Präsident Donald Trump hat seine Handelsagenda intensiviert und einen vorgeschlagenen Zoll von 50 % auf Importe aus der Europäischen Union ab dem 1. Juni 2025 angekündigt, wobei er eingestellte Verhandlungen anführt und die EU beschuldigt, „sehr schwer zu handhaben“ zu sein. Der Schritt, der auf Truth Social veröffentlicht wurde, versetzte die globalen Märkte in einen Schockzustand, wobei die Aktien auf beiden Seiten des Atlantiks erheblich fielen. EU-Beamte, einschließlich Handelskommissar Maroš Šefčovič, forderten Ruhe und betonten, dass Handelsabkommen auf „gegenseitigem Respekt und nicht auf Drohungen“ basieren sollten. Europäische Führer haben die Bedrohung heruntergespielt, aber Unternehmen wie Volvo Cars warnten, dass Kunden möglicherweise die Hauptlast der tarifbedingten Kostensteigerungen tragen müssen.


Darüber hinaus löschte Trumps jüngste Drohung, einen Zoll von 25 % auf iPhones und Samsung-Handys zu erheben, die nicht in den USA hergestellt werden, etwa 70 Milliarden Dollar von Apples Marktwert. Die Politik zielt darauf ab, Unternehmen wie Apple unter Druck zu setzen, die Produktion in die USA zu verlagern, was mit Trumps wirtschaftlicher Strategie „Amerika zuerst“ übereinstimmt.


An der Binnenfront verabschiedete das von den Republikanern kontrollierte Haus am 22. Mai knapp ein umfassendes Steuer- und Ausgabenpaket, das viele von Trumps Wahlversprechen erfüllt.

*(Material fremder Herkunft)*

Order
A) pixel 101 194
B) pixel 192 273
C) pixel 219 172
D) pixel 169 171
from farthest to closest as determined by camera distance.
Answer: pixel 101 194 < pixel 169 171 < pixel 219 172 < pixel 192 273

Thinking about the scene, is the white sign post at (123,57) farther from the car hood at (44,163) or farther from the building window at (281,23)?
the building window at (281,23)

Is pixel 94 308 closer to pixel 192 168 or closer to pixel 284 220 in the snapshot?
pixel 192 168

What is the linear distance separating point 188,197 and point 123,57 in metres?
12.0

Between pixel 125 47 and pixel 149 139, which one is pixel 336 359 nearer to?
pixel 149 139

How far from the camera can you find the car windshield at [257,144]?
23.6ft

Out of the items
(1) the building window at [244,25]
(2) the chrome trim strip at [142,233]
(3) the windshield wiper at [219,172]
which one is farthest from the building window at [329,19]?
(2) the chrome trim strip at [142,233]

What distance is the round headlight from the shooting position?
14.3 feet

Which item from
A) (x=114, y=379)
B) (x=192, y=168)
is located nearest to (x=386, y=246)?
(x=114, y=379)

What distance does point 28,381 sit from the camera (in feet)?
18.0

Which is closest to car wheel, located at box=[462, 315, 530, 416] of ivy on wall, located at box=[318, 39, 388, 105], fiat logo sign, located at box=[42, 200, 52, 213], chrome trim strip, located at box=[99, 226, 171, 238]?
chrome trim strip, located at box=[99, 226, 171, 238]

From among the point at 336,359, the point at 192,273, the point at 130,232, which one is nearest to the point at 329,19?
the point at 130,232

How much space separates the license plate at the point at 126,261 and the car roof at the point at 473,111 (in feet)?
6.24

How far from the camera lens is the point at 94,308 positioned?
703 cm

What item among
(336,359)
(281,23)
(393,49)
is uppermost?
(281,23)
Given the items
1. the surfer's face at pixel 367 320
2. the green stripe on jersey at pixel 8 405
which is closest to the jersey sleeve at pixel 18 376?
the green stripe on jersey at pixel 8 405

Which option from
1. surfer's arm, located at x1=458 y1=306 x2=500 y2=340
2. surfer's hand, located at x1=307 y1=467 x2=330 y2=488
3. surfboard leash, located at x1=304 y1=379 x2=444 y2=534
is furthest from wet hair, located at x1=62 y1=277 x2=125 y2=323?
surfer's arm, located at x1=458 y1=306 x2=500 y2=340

Die Gesetzgebung verlängert die Steuererleichterungen von 2017, hebt Anreize für grüne Energie auf und verschärft die Berechtigung für Gesundheits- und Lebensmittelprogramme, obwohl sie im Senat auf erhebliche Hindernisse stößt. Trump hat eine rasche Genehmigung durch den Senat gefordert, um seine Agenda voranzutreiben.


Trumps Außenpolitik sorgte auch während eines umstrittenen Treffens im Oval Office mit dem südafrikanischen Präsidenten Cyril Ramaphosa am 21. Mai für Schlagzeilen. Trump konfrontierte Ramaphosa mit diskreditierten Behauptungen über „weißen Genozid“ in Südafrika und präsentierte ein Video und Ausdrucke, von denen er fälschlicherweise behauptete, sie würden die Verfolgung weißer Landwirte zeigen. Ramaphosa blieb gelassen, wies das Spektakel als „orchestrierte Show für die Kameras“ zurück und äußerte die Hoffnung auf eine Wiederbelebung der Beziehungen zwischen den USA und Südafrika.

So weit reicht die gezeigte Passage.